We need to ensure that the cells transplanted are only of the dopaminergic cell type and free of pluripotent stem cells. While our protocols are highly efficient, and additional purification steps are taken, we are testing an additional safety strategy. By introducing a “safety switch” into the transplanted cells we could, in theory, specifically eliminate the grafted cells using a small drug-like compound.

For this project we are testing various genomic locations in the ESC line for the introduction of one of two suicide genes with different mechanisms of action. If these experiments are promising, the final product will contain such safety switches.

Clinical Trial Development Team

Claire Henchcliffe, MD
Weill Cornell Medical College

Flint Beal, MD
Weil Cornell Medical College

While scientists in the lab are busy finding the right conditions to make the best possible transplant product, our team is active in designing the clinical trial.
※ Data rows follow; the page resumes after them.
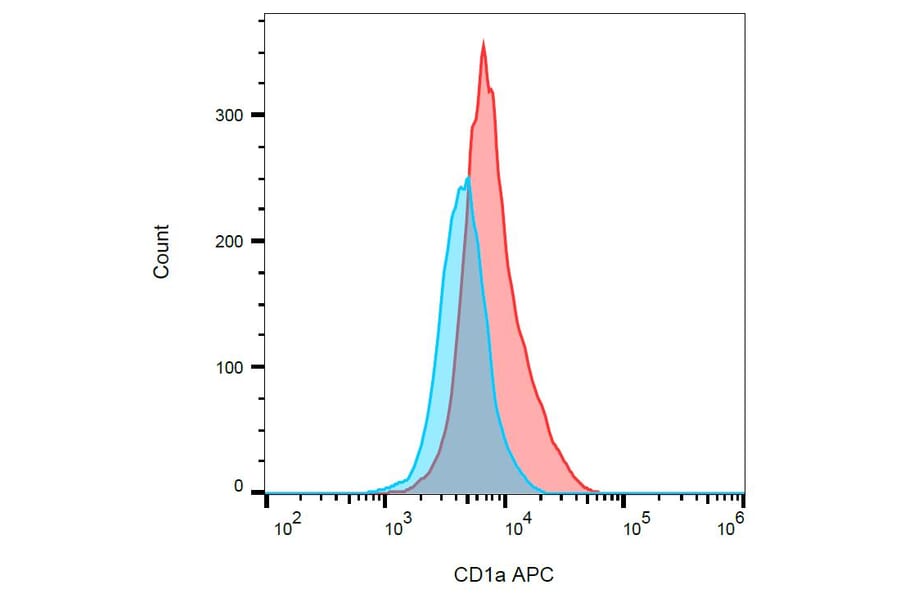Flow Cytometry - Anti-CD1a Antibody [HI149] (APC) (A85570) - Antibodies.com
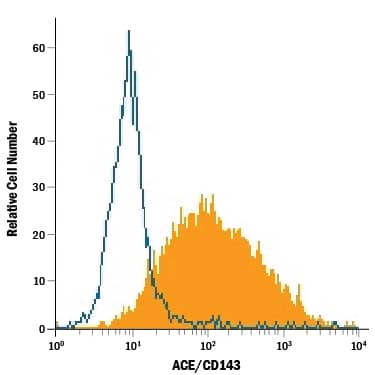 Flow Cytometry ACE/CD143 Antibody (171417) [Unconjugated]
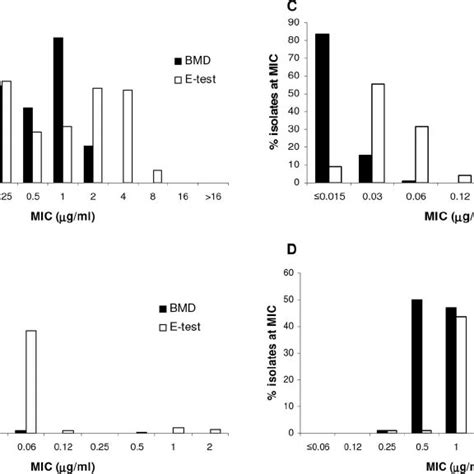 Mic Distribution Of Tigecycline Against A Baumannii A S Pyogenes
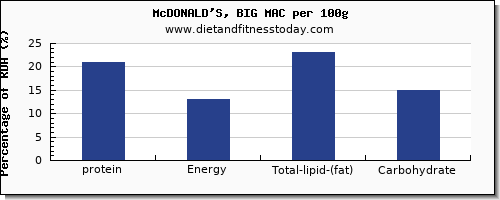 protein and nutrition facts in mcdonalds per 100g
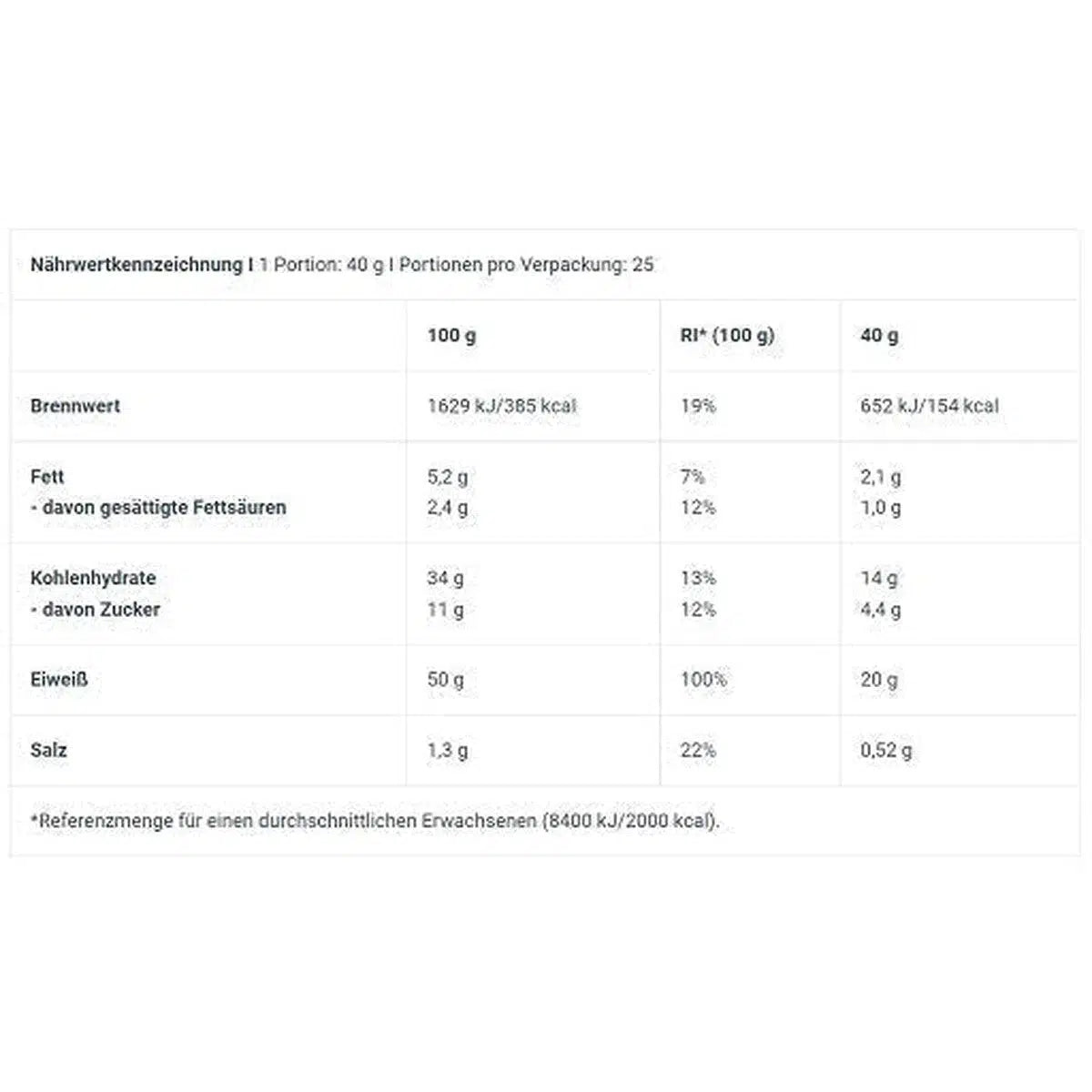 Protein Pancake 1000g-Low Carb Lebensmittel-BioTech USA-Vanilla-Maniac-Sports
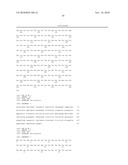 ANTIBODIES TO IREM-1 diagram and image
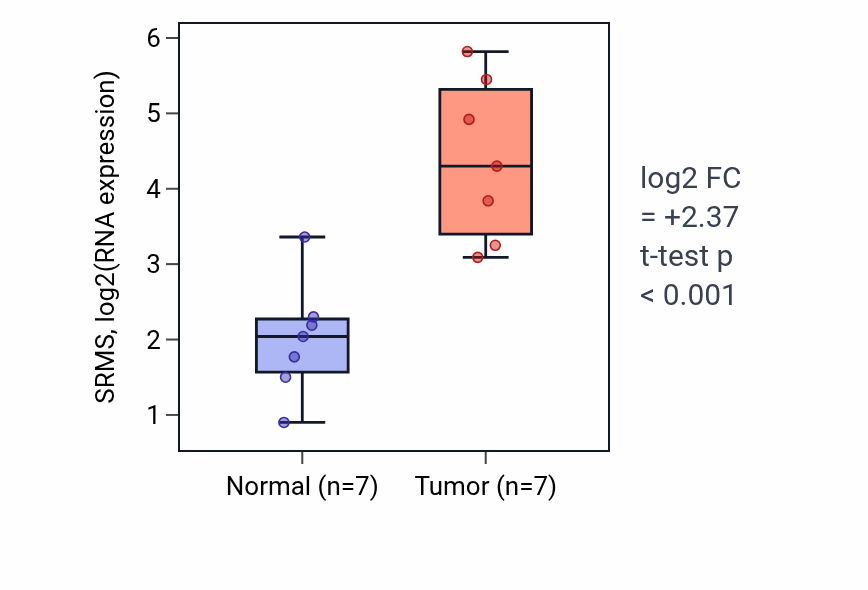 Tumor-vs-normal expression box plot for SRMS RNA in COAD.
This task is not trivial. Prior to the first transplant, we need to identify the most suitable patients, carefully weighing the risks and benefits for this group.

We also need to consider the best strategy to evaluate the outcome of the trial. How can we measure improvement? How can we ensure safety for the patient and the clinician? How long will it take to see an improvement and when will we know how long the therapy will last?

All these questions and more are discussed by our team of experts, encompassing clinicians, physician-scientists, ethicists, trial experts, and statisticians.